Records supplied:

◇ ◇ ◇ ◇ ◇ ◇ ◇

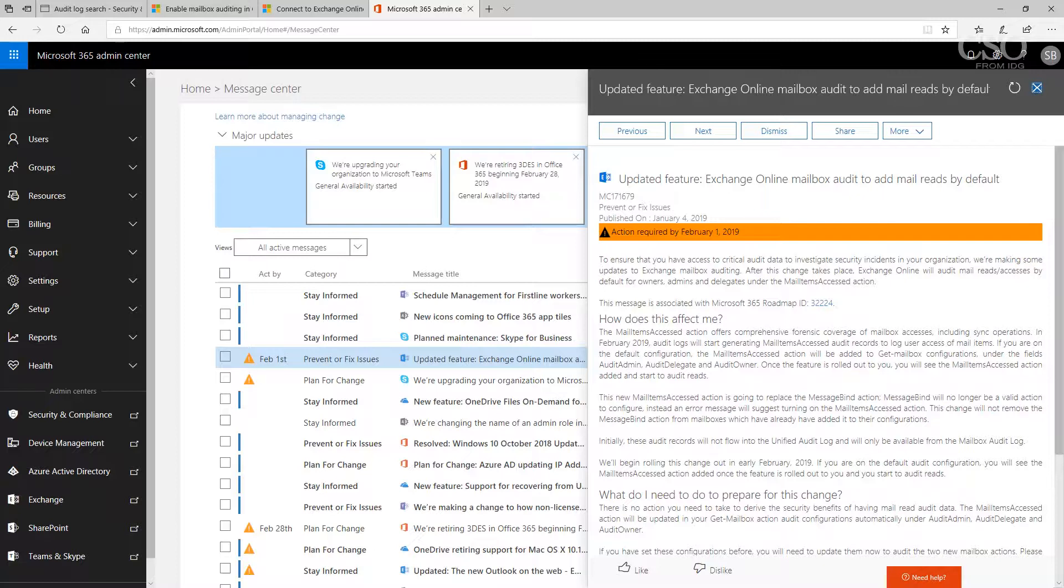This is actually something that's been asked for in forensic investigations. It's called mail items access action. It offers comprehensive forensic coverage of mailbox accesses, sync operations, and will really help any kind of forensic analysis of what went on in an investigation. In early February 2019, Microsoft's going to turn this on.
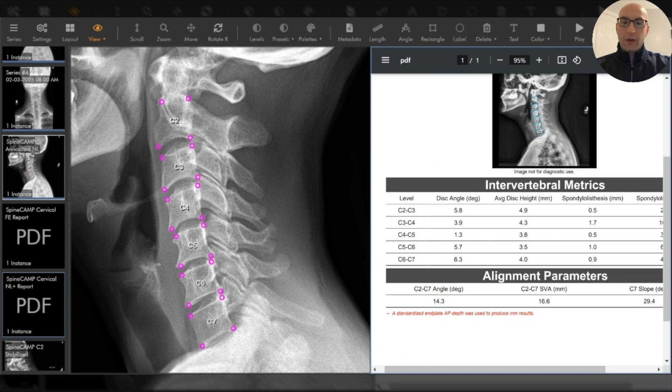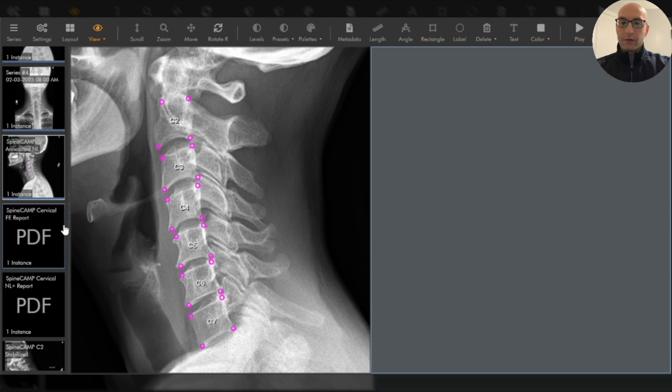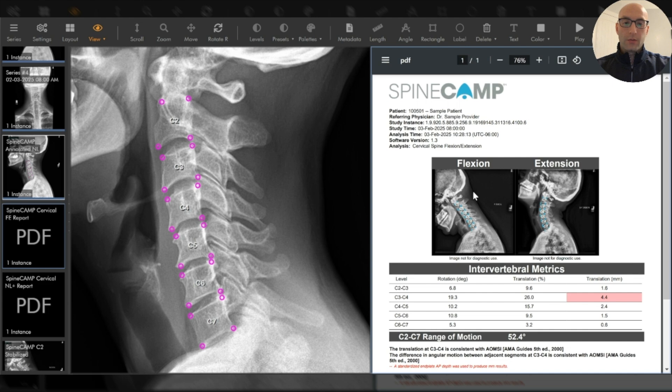On top of the static alignment analysis, SpineCamp delivers a robust assessment of spinal motion both segmentally and across the entire C2 C7 region.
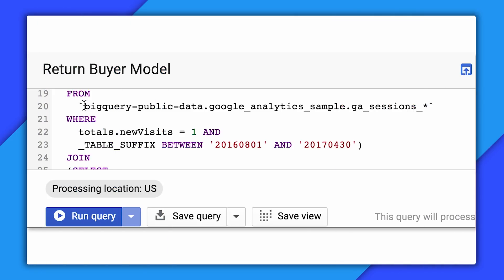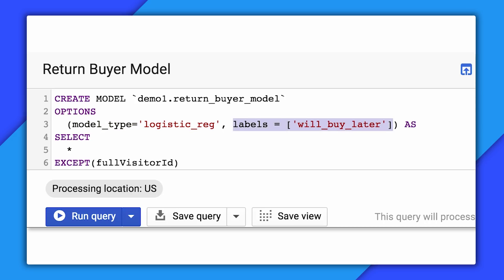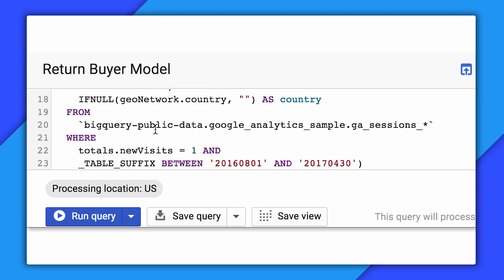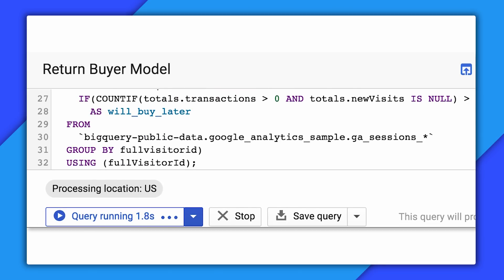Let's see this in action. You start by writing a SQL query to select data from the Google Analytics table, which is illustrated here through a public data set we have for anyone to access. And you are going to love this — to do machine learning on top, all you need is two lines of SQL code: create model and predict. That's it. For create model, give it a name, tell us it is a logistic regression model, and it's going to predict if a visitor will buy later. With that, click run query. The model is built all within BigQuery using SQL.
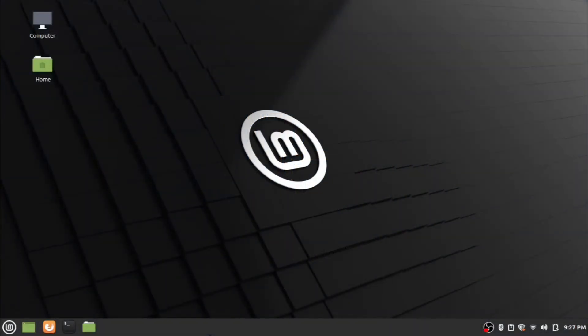Hi everyone, welcome back to another video of Watt and How channel. Today we are looking at the installation of Android Studio in Linux. I am using Linux Mint Edition for the installation purpose, so without any delay let's jump into the installation steps.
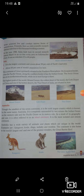Australia — though the smallest of the seven continents, it is the sixth largest country, which is known by the same name, Australia. यह seven continents में से सबसे छोटा continent है. It is completely surrounded by two oceans — Indian Ocean on the western side and the Pacific Ocean on the eastern side. As a result of its geography and size, it is often referred to as an island continent — the most isolated and remote continent.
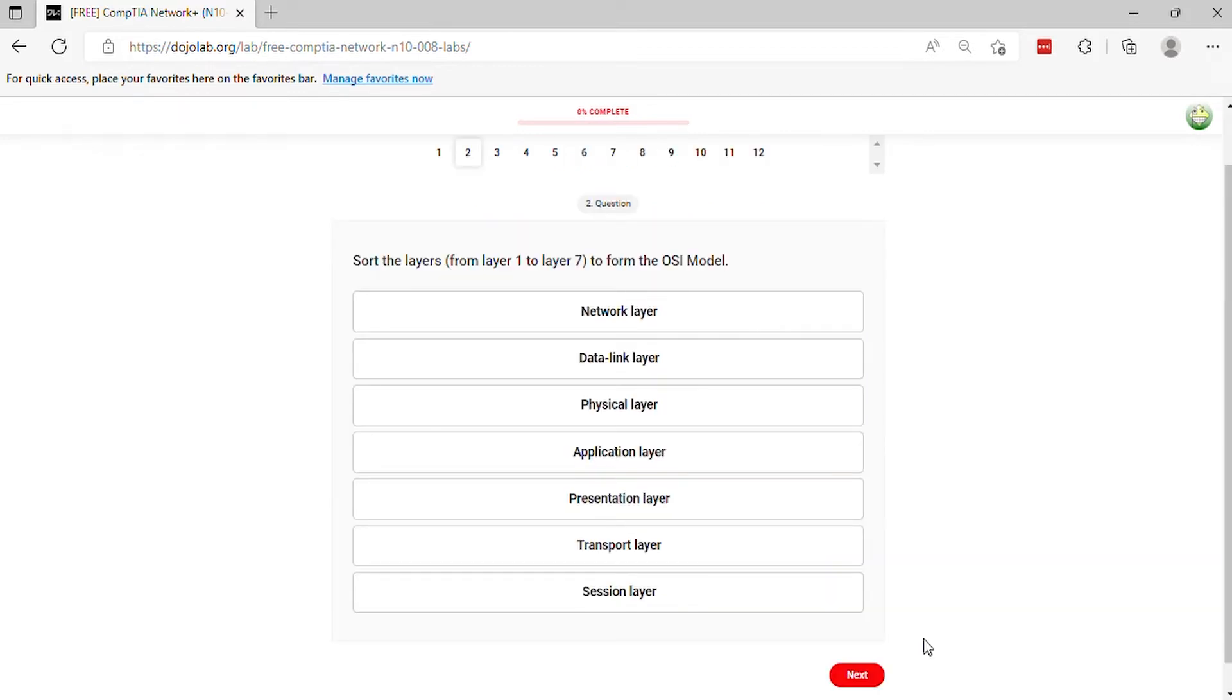Question 2. Sort the layers from layer 1 to layer 7 to form the OSI model.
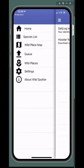With this information, enjoy exploring the WildSpotter app. And while outdoors, keep an eye out for invasive species.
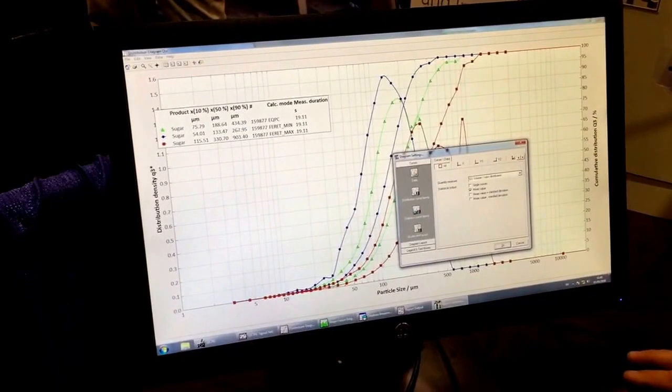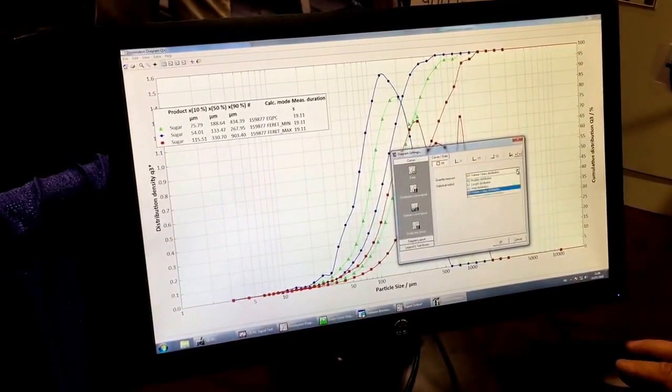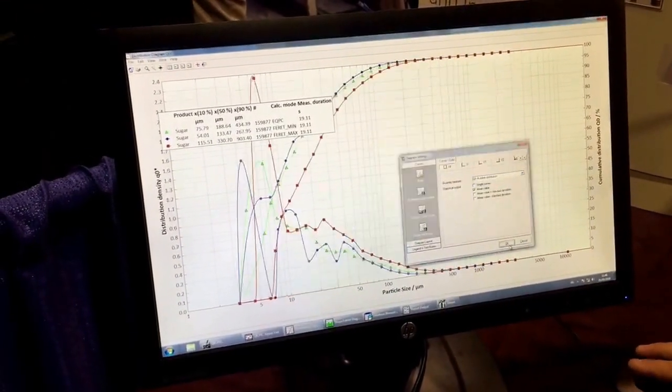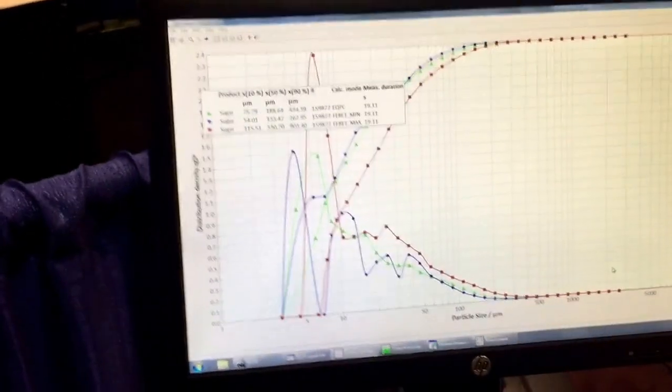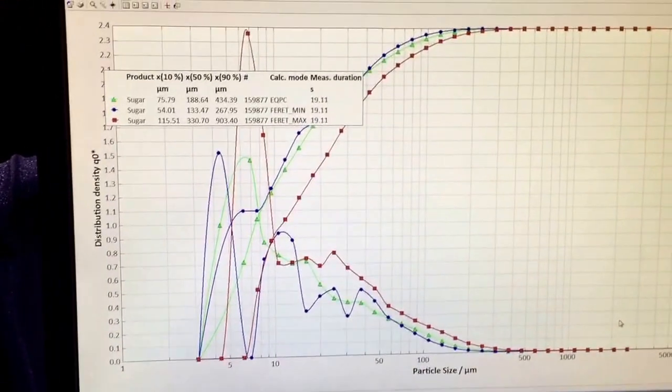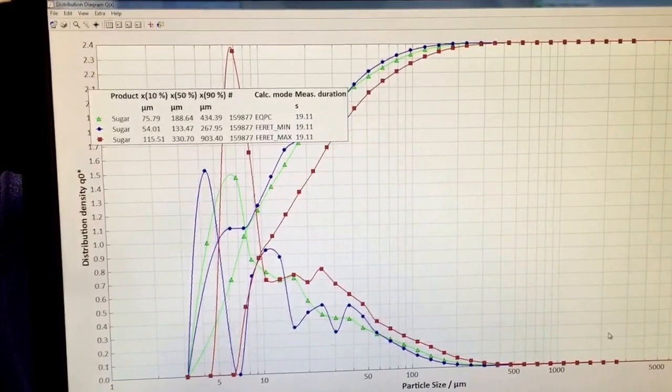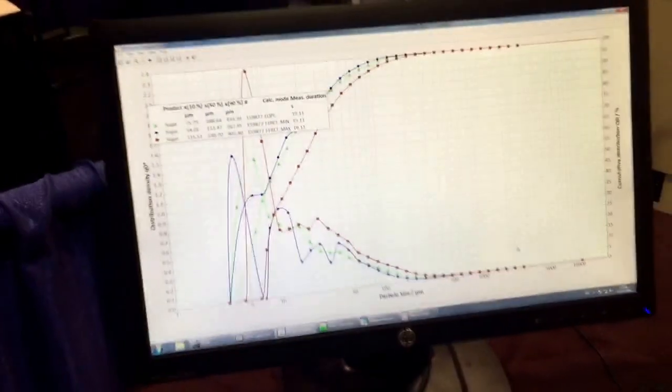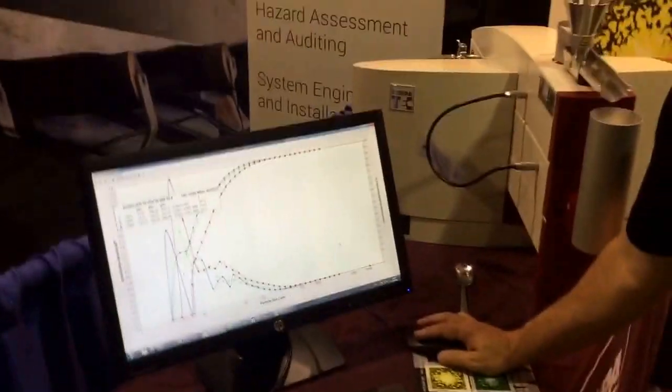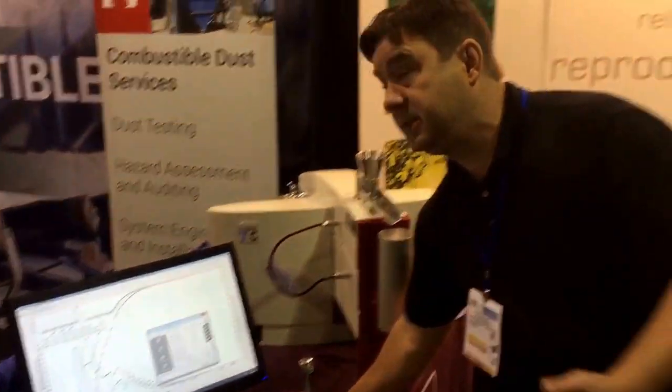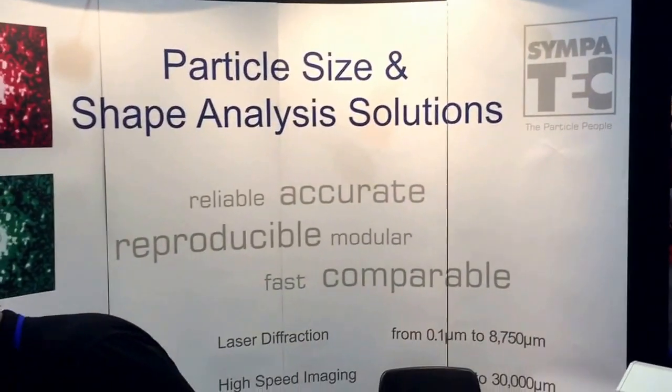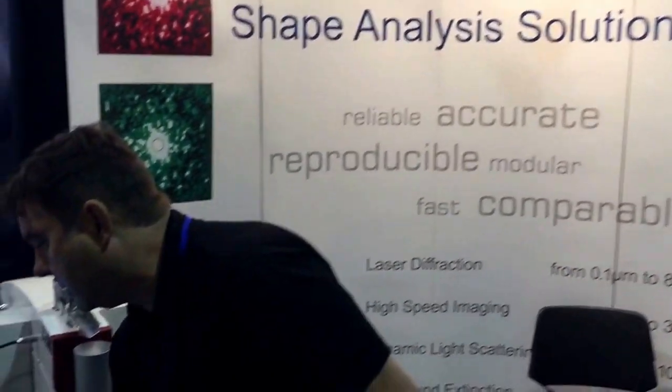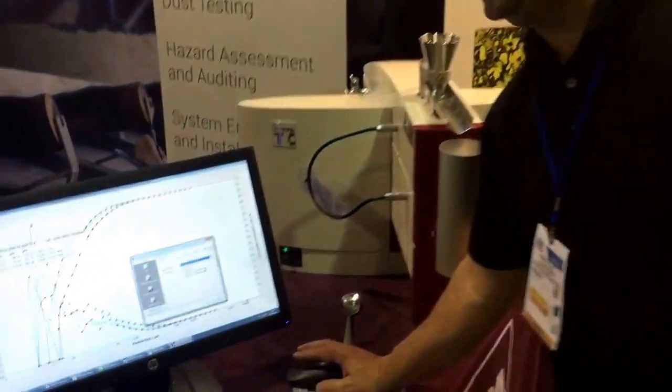To do a number distribution, so instead of volume I can go to number. Now you see by number it's quite different. But most particle sizing is done by volume, whether it's laser diffraction or sieving, it's all volume-related. But it's nice to know sometimes what your number distribution looks like as well.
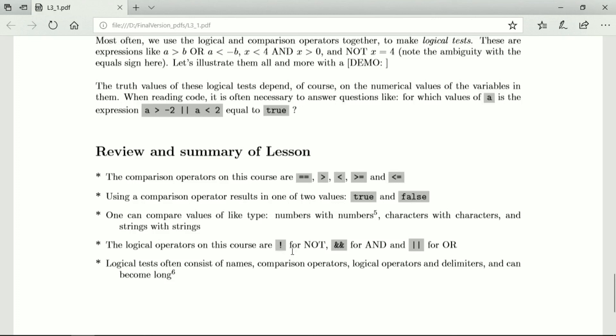The logical operators are the exclamation mark for not, the double ampersand for and, and the double vertical bar for or. And to make a logical test you combine names, comparison operators, logical operators, and delimiters and you end up with some tests that are long and quite difficult to make sure that they're right.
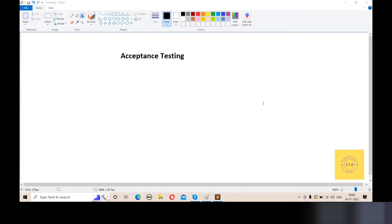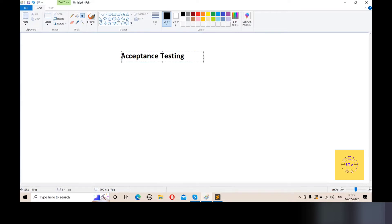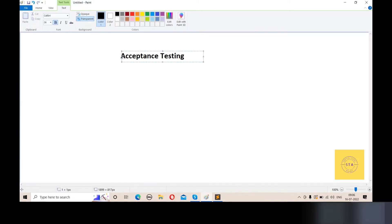Hello everyone, welcome back to my channel, Software Testing Academy. Today we are going to talk about acceptance testing — what is acceptance testing in software testing?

◇ ◇ ◇ ◇ ◇ ◇ ◇

Task prompt: Without including any pictures, output all the entries above exactly.

Result of this task:
This is actually something that's been asked for in forensic investigations. It's called mail items access action. It offers comprehensive forensic coverage of mailbox accesses, sync operations, and will really help any kind of forensic analysis of what went on in an investigation. In early February 2019, Microsoft's going to turn this on.
On top of the static alignment analysis, SpineCamp delivers a robust assessment of spinal motion both segmentally and across the entire C2 C7 region.
Let's see this in action. You start by writing a SQL query to select data from the Google Analytics table, which is illustrated here through a public data set we have for anyone to access. And you are going to love this — to do machine learning on top, all you need is two lines of SQL code: create model and predict. That's it. For create model, give it a name, tell us it is a logistic regression model, and it's going to predict if a visitor will buy later. With that, click run query. The model is built all within BigQuery using SQL.
Hi everyone, welcome back to another video of Watt and How channel. Today we are looking at the installation of Android Studio in Linux. I am using Linux Mint Edition for the installation purpose, so without any delay let's jump into the installation steps.
Australia — though the smallest of the seven continents, it is the sixth largest country, which is known by the same name, Australia. यह seven continents में से सबसे छोटा continent है. It is completely surrounded by two oceans — Indian Ocean on the western side and the Pacific Ocean on the eastern side. As a result of its geography and size, it is often referred to as an island continent — the most isolated and remote continent.
Question 2. Sort the layers from layer 1 to layer 7 to form the OSI model.
With this information, enjoy exploring the WildSpotter app. And while outdoors, keep an eye out for invasive species.
To do a number distribution, so instead of volume I can go to number. Now you see by number it's quite different. But most particle sizing is done by volume, whether it's laser diffraction or sieving, it's all volume-related. But it's nice to know sometimes what your number distribution looks like as well.
The logical operators are the exclamation mark for not, the double ampersand for and, and the double vertical bar for or. And to make a logical test you combine names, comparison operators, logical operators, and delimiters and you end up with some tests that are long and quite difficult to make sure that they're right.
Hello everyone, welcome back to my channel, Software Testing Academy. Today we are going to talk about acceptance testing — what is acceptance testing in software testing?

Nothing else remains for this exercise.